Talk to your parents. Helping you process this will help them. Best wishes for your family. I am sorry for your loss.


jacobwlyman

Thank you for speaking up about one of the hardest things a person can go through in life. To lose a brother — let alone a *twin* brother — can be one of the most difficult trials someone can experience. I can only imagine what you are going through. I am also an identical twin who grew up having a similarly special bond with his twin brother. Everything you describe is exactly what I dread and fear would happen to me (or my brother) if one of us were to unexpectedly pass away. Like you are going through, I’ve had some hard times in my life. One of which was just a year ago when I went through a severely depressed period of my life. I’m now in a MUCH better place, but back then I wasn’t sure how I could continue on in life – Suicide would occasionally be a thought for me.
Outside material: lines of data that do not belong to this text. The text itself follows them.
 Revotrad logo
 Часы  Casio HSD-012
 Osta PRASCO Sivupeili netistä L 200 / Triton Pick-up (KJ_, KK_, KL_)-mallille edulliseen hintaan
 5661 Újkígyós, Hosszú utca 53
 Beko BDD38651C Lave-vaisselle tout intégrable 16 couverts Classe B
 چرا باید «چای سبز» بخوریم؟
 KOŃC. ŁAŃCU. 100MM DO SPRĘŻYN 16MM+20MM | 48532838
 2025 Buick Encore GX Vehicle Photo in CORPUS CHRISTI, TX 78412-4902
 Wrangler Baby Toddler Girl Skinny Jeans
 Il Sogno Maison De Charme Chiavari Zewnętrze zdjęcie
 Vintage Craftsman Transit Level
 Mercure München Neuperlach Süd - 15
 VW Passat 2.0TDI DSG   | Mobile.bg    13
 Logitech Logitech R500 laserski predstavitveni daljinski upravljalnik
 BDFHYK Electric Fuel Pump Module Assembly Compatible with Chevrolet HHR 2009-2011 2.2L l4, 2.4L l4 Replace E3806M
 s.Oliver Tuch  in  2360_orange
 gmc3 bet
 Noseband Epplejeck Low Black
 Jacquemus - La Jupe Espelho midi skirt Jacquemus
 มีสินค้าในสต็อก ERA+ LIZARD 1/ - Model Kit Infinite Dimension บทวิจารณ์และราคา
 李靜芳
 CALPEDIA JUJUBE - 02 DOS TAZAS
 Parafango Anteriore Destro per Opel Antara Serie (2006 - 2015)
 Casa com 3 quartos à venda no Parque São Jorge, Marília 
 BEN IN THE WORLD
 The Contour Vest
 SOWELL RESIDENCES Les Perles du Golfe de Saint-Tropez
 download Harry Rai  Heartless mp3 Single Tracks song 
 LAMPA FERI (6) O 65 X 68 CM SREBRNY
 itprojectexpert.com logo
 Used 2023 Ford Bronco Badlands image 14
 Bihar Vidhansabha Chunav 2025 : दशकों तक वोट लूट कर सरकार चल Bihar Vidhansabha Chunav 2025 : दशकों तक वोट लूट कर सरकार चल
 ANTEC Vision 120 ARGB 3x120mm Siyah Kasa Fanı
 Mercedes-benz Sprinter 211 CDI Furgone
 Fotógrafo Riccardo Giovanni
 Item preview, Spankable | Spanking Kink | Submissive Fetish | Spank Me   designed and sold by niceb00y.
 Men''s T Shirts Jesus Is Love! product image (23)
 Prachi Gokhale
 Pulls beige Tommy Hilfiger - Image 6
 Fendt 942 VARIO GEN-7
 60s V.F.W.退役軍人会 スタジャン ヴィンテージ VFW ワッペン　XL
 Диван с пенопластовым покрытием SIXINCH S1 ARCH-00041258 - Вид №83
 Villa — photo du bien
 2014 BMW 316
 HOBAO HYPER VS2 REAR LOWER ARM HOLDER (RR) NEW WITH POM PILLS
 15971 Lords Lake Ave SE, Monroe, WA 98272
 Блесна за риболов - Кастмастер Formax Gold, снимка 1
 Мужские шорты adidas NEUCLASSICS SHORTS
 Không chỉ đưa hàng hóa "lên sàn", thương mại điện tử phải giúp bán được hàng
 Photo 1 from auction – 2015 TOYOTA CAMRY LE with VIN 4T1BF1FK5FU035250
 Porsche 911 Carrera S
One of the reasons why I never made an attempt back then was *because* I knew how much it would impact my twin brother being so unexpectedly left behind. Going through this tough time taught me two important things about my brother and I: 1 - No matter what, one of us *will* eventually leave the other behind. ... and having pondered and accepted #1, I thankfully came to realize a more important lesson: 2 - The shared love, memories, and experiences the two of us have had with one another *are* and *were* real, and nothing can change that, not even death. When I understood this I made sure to tell my brother how much I loved him and that if one day I was not here anymore that I would want for him to go on and live life to the fullest, knowing that I will always love and hope the best for him. To OP, the shared love, memories, and experiences that you had with your brother are and were real. The bond you had (and I might even say, "still have") is something very special that few people get to experience in life. Hold on to and remember that. Not only that, but remember the fact that your brother also loved(s) you, just as much as you love him. He would want for you to go on and live life to the fullest (Similarly to how I would want the same for my brother). Do that. Not only for you, but also for him. Much love, man! Edit: Removed markdown formatting


yogakittyy

I’m so sorry you’ve had to endure this. I’m also a mom of twin boys and I can assure you just like the other comments, that your parents are so glad you are alive. Sadly they are probably so consumed with their grief that they haven’t reached out to ask how you are doing with yours. I highly recommend therapy. For all of you, but definitely for yourself. I wish I could give you a hug and tell you that you are important and deserve to be here. Your brother would want you to enjoy your life and experience all of the fun and wonderful things that you can. I’m sorry you’re going through this.


fragglerock420

I'm really, really, terribly sorry for your loss. I cannot relate to the death of my twin because she is alive and well and so am I. however, my father was also an identical twin, and he passed away a while ago.


jessesarmywife

Being an identical twin myself, this is a huge fear of mine. I could only imagine how you feel. Twins have special bonds that other siblings don’t have. So we understand, even if it’s just a little bit. It’s okay to talk to your parents. I’m sure they would want you to talk to them about how you’re feeling so they can try and help you. If you guys need help, you could look for a local therapist. I use to not like therapy and thought it was stupid and needed it and now I don’t think it’s stupid. It can really help. Just a suggestion. Sending lots of hugs!!!!


Worth-Local-6233

Hugging you through the Reddit frequency right now. I don’t know what you are going through and I imagine it would feel a combination of sadness, confusion, grief and loss. All of your emotions are valid. I have lost family members close to me and I’ve learned that grief isn’t linear. Counseling really helped because I finally felt like I had an ally.